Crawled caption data
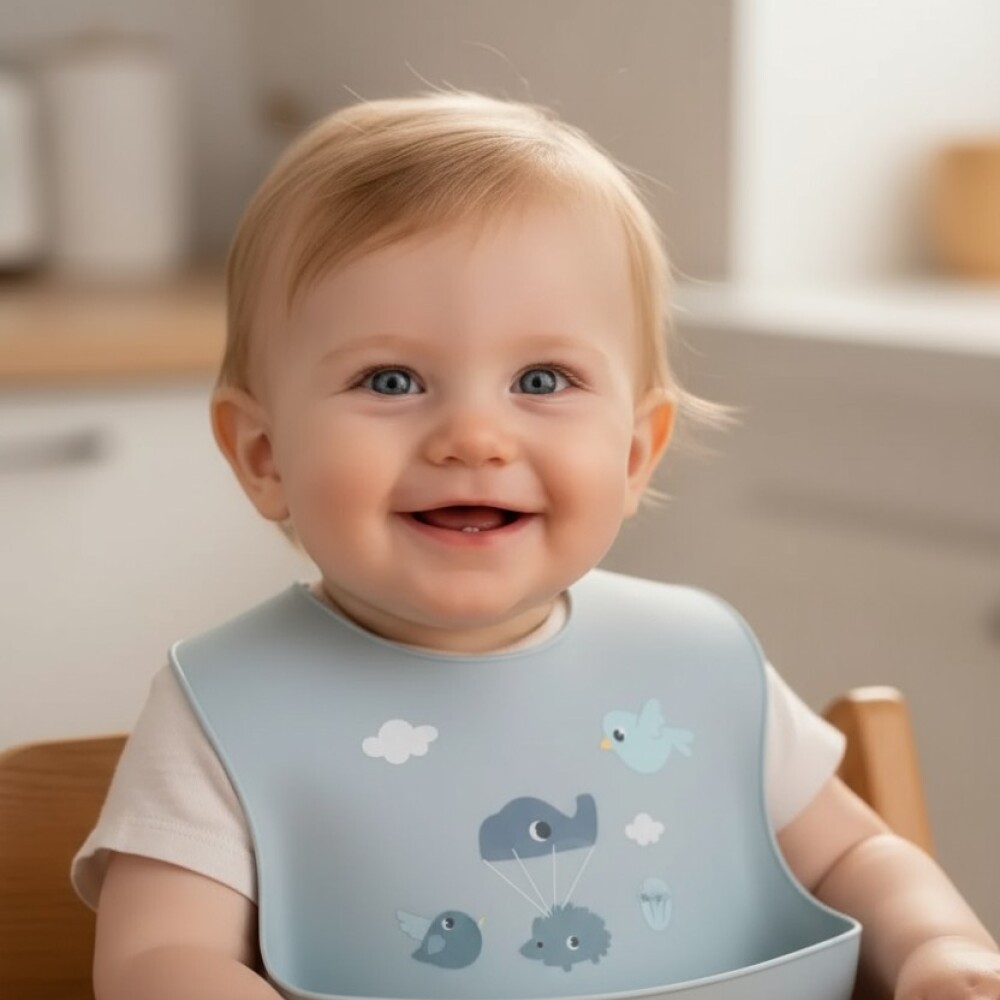 Babero silicona BUBA cloudy verde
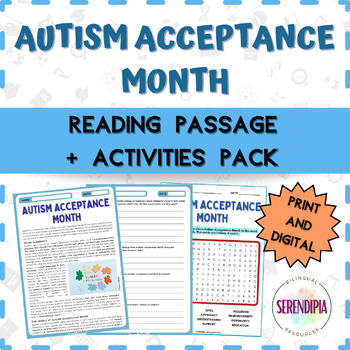 Preview of Autism Acceptance Month || READING PASSAGE + ACTIVITIES || Middle School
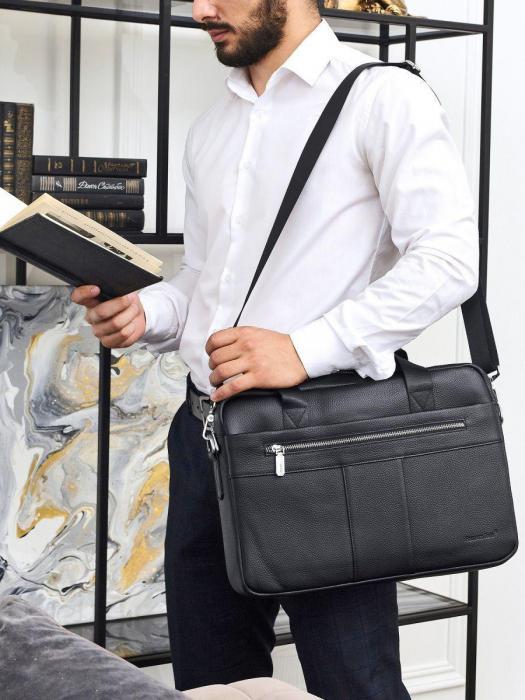 Портфель мужской женский кожаный натуральный деловой VS27 черная сумка для документов дипломат - фото 10 - id-p215915791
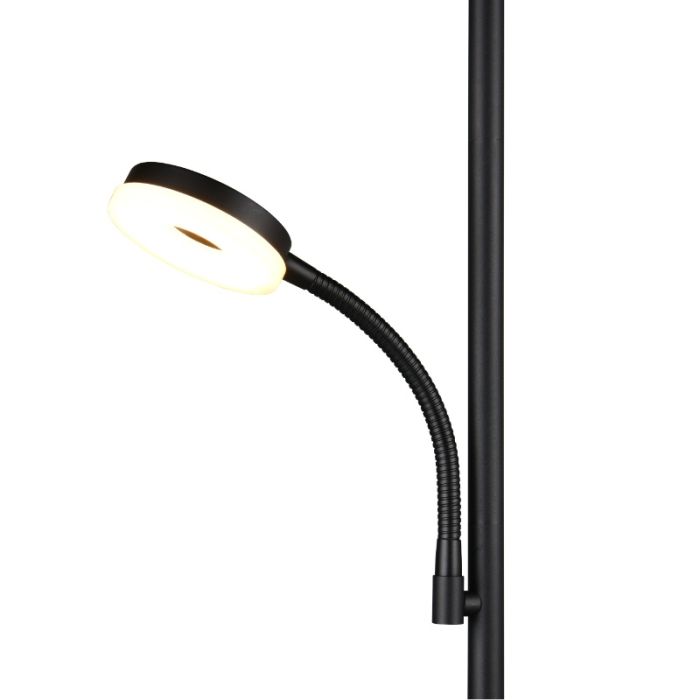 Black floor lamp modern, Shahid, 17W, warm to cold white adjustable LED, with touch dimmer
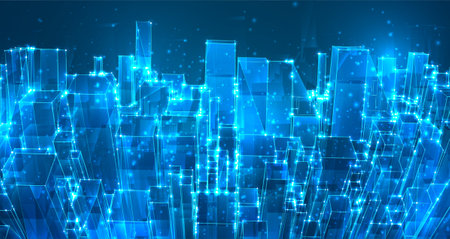 vector abstract 3d crystal. a view of the roofs of the city, a large chaotic set of glass pendants.のイラスト素材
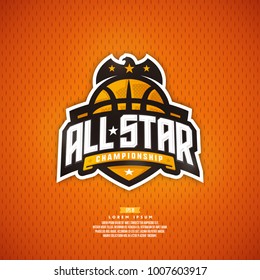 Modern professional basketball logo design. All star championship sign.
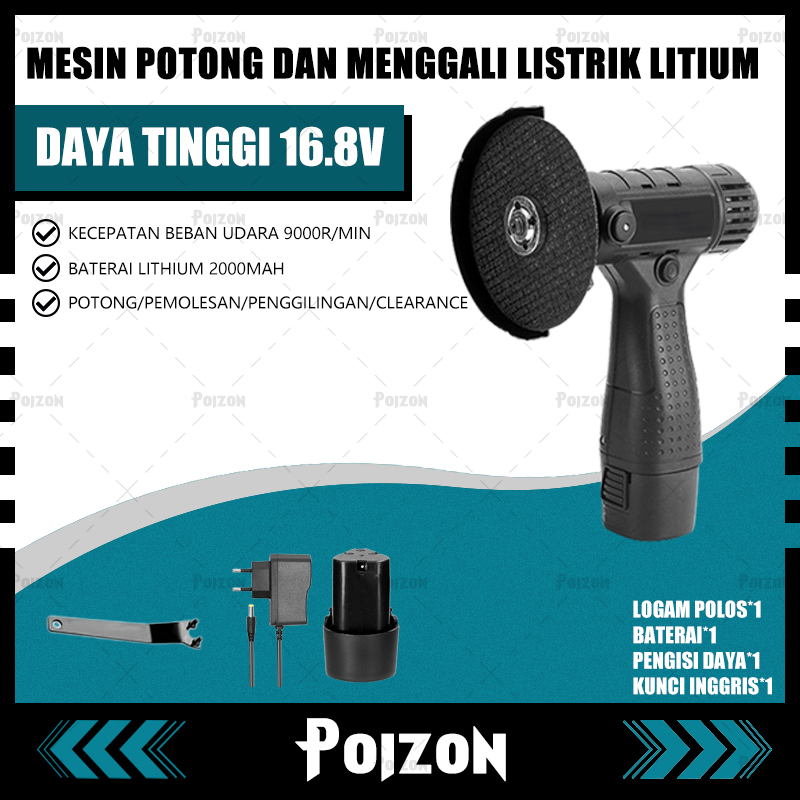 Poizon Gerinda Cordless Gerinda Mini Mesin Gerinda Tangan Gerinda Baterai Gerinda Cas Gerindra Bater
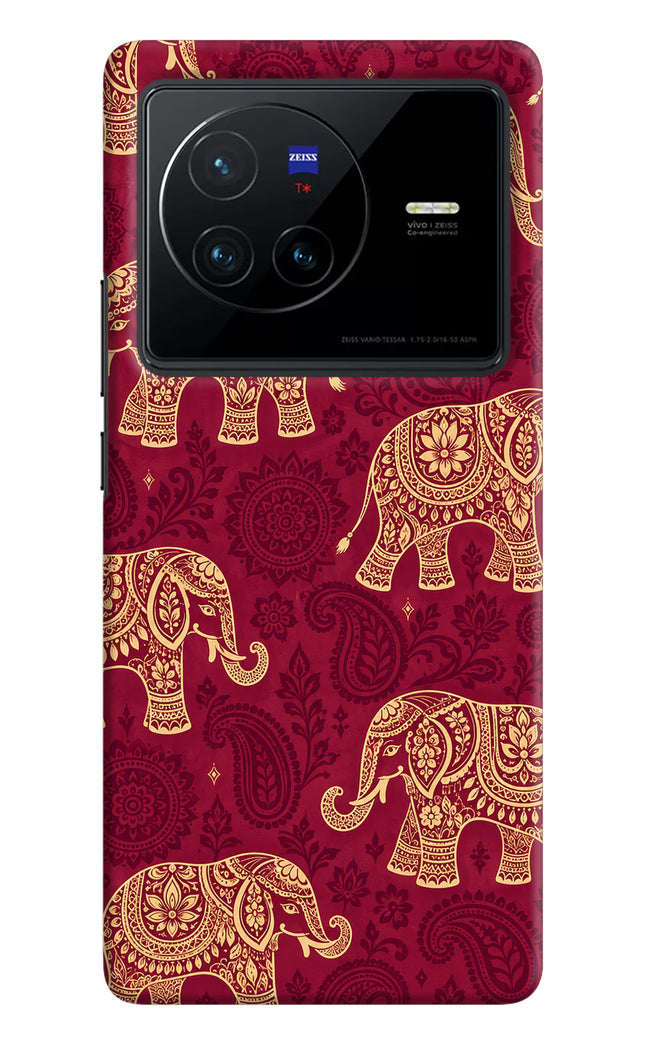 Maroon Elephant Vivo X80 Hard Case Back Cover by Casekaro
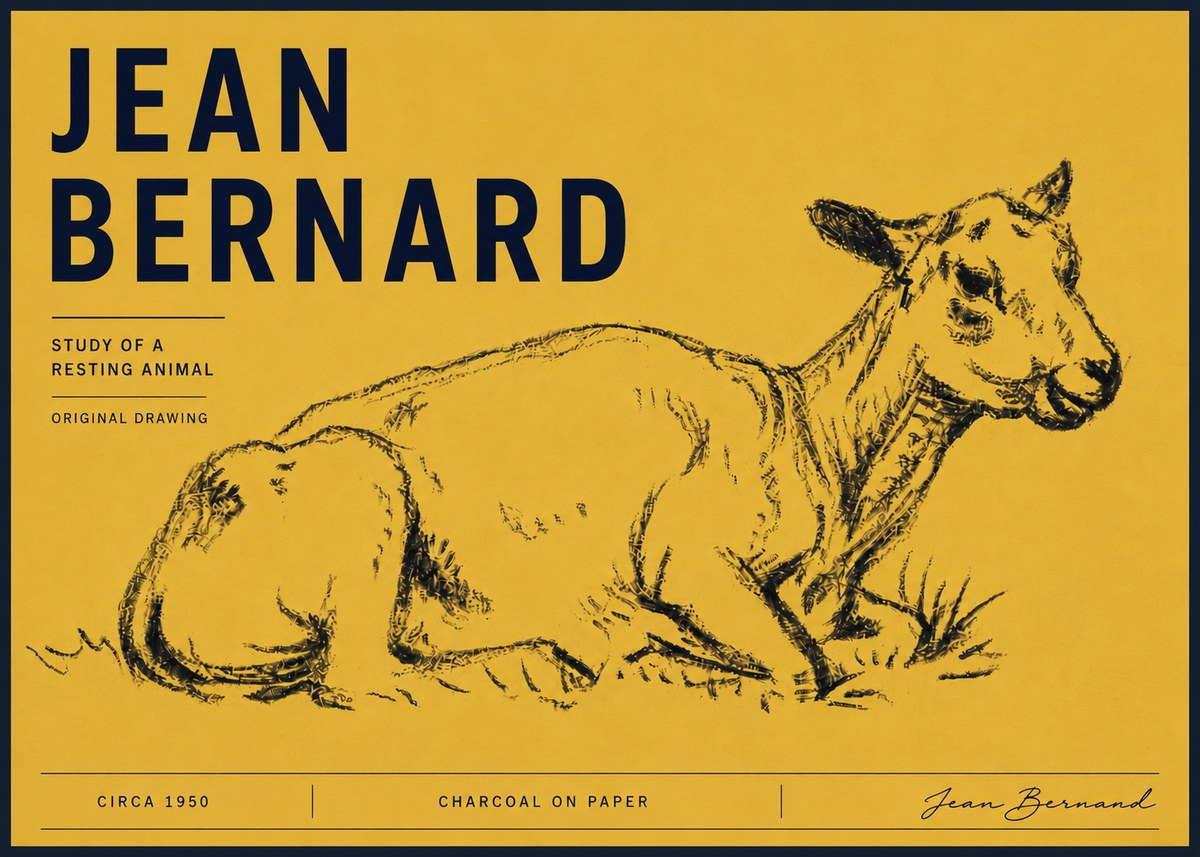 Jean Bernard Study of a Resting Animal No6 - Póster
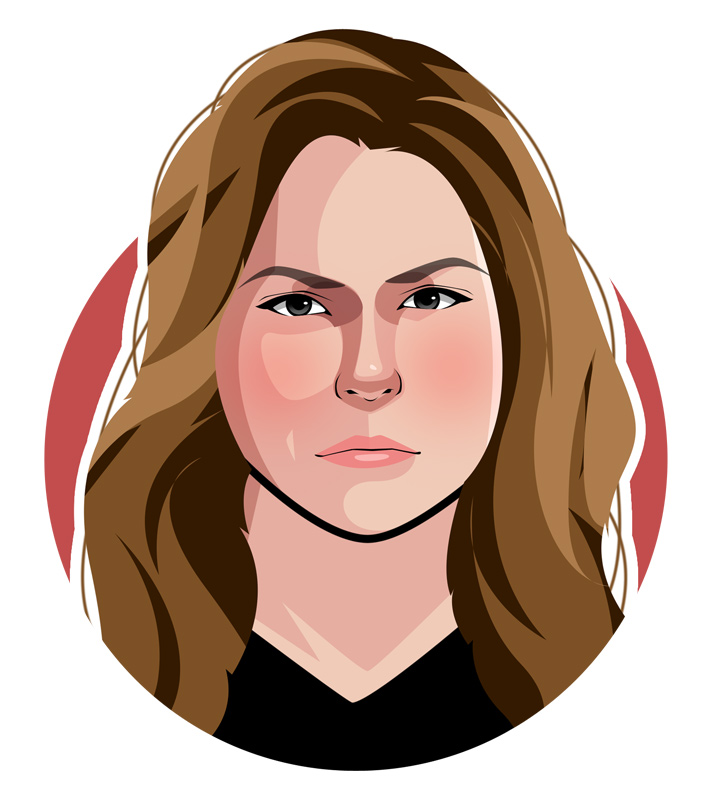 Ronda Rousey profile illustration.  Drawing.  Art.  Nicknamed Rowdy and Baddest Woman on the Planet.  Avatar.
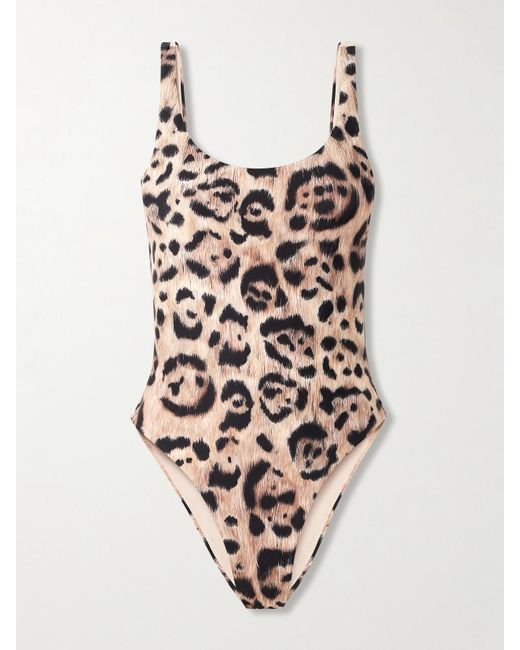 Agua Bendita Natural Gema Leopard-Print Stretch Recycled Swimsuit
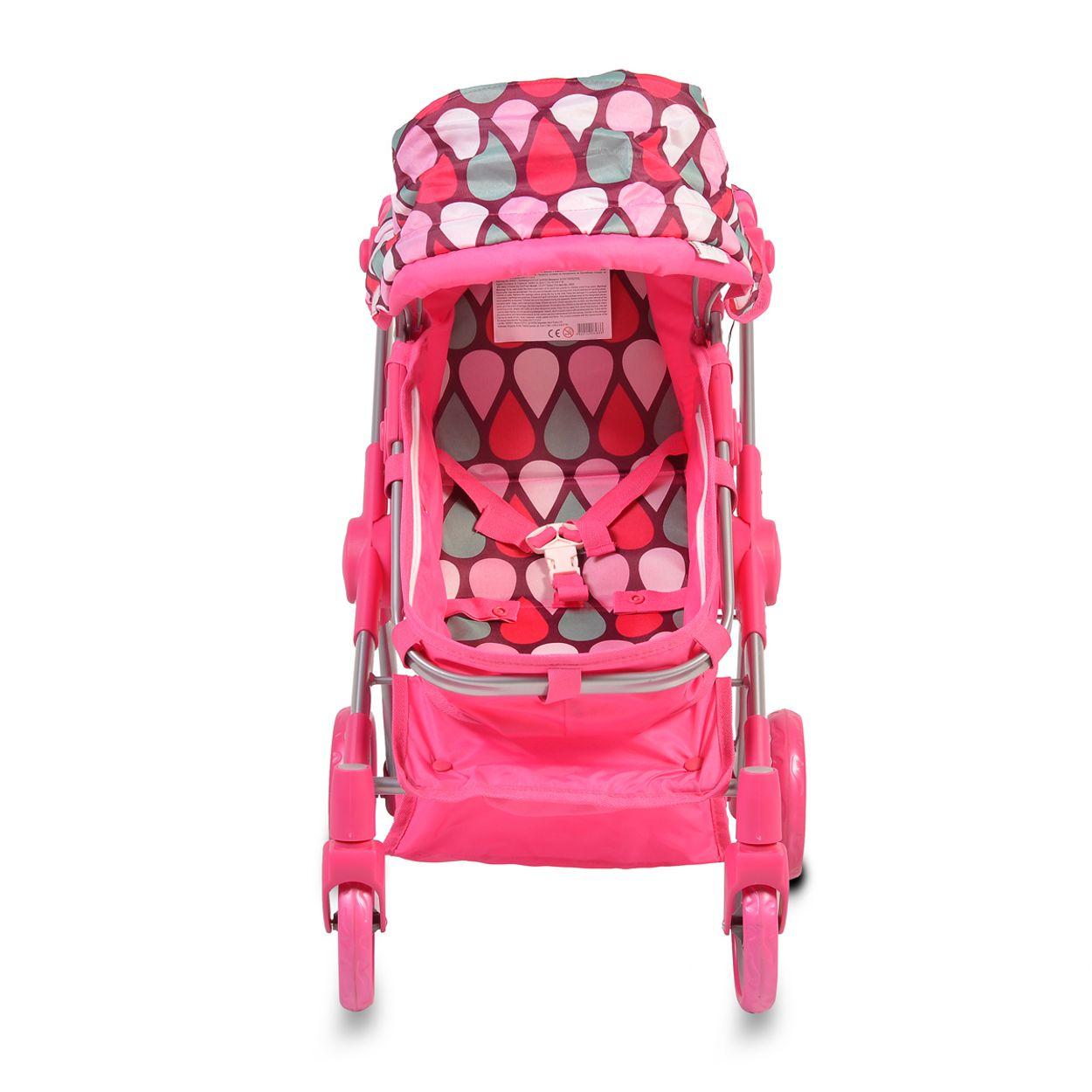 Pinker Puppenwagen mit bunten Mustern und Sonnenschutz. Er steht vor weißem Hintergrund.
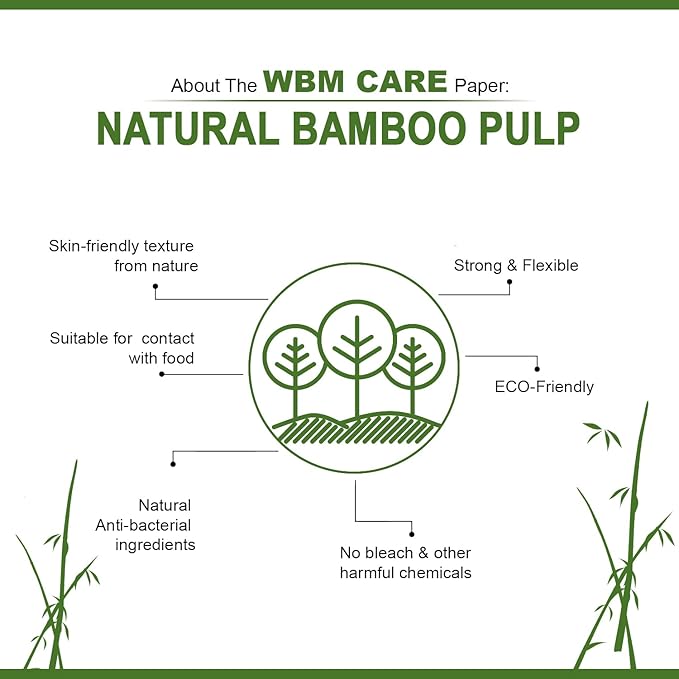 WBM Care Bamboo Paper Towels, Strong & Flexible 3-Ply, Designed for Sensitive Skin, Tree-Free, All-Natural & Healthy Bath Toilet Tissues, 200 Sheets, 20 Rolls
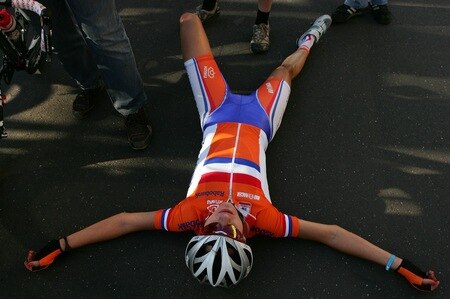 GEELONG, AUSTRALIA - OCTOBER 02:  Marianne Vos of the Netherlands lies on the ground after finishing the Women's Elite Road Race on day four of the UCI Road World Championships on October 2, 2010 in Geelong, Australia.  <br /><br /><span class="help">(Photo by Scott Barbour/Getty Images)</span>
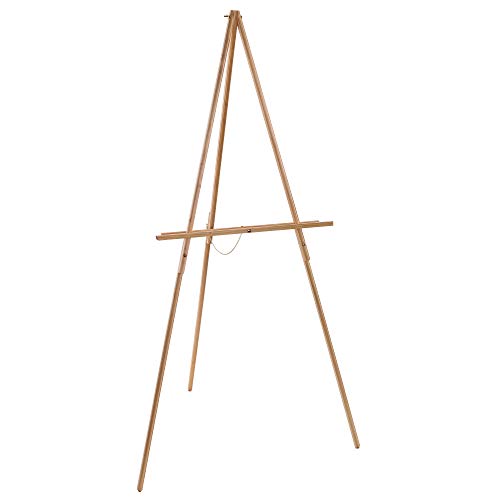 U.S. Art Supply 64' High Torrey Wooden A-Frame Tripod Studio Artist Floor Easel - Adjustable Tray Height, Holds 40' Canvas - Wood Display Holder Stand for Paintings, Drawings, Framed Photos, Signs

Action item = Set down word for word the lines above from the one with "Poizon Gerinda Cordless" up to and including the one with "WBM Care Bamboo". Omit every picture.

Answer section =
 Poizon Gerinda Cordless Gerinda Mini Mesin Gerinda Tangan Gerinda Baterai Gerinda Cas Gerindra Bater
 Maroon Elephant Vivo X80 Hard Case Back Cover by Casekaro
 Jean Bernard Study of a Resting Animal No6 - Póster
 Ronda Rousey profile illustration.  Drawing.  Art.  Nicknamed Rowdy and Baddest Woman on the Planet.  Avatar.
 Agua Bendita Natural Gema Leopard-Print Stretch Recycled Swimsuit
 Pinker Puppenwagen mit bunten Mustern und Sonnenschutz. Er steht vor weißem Hintergrund.
 WBM Care Bamboo Paper Towels, Strong & Flexible 3-Ply, Designed for Sensitive Skin, Tree-Free, All-Natural & Healthy Bath Toilet Tissues, 200 Sheets, 20 Rolls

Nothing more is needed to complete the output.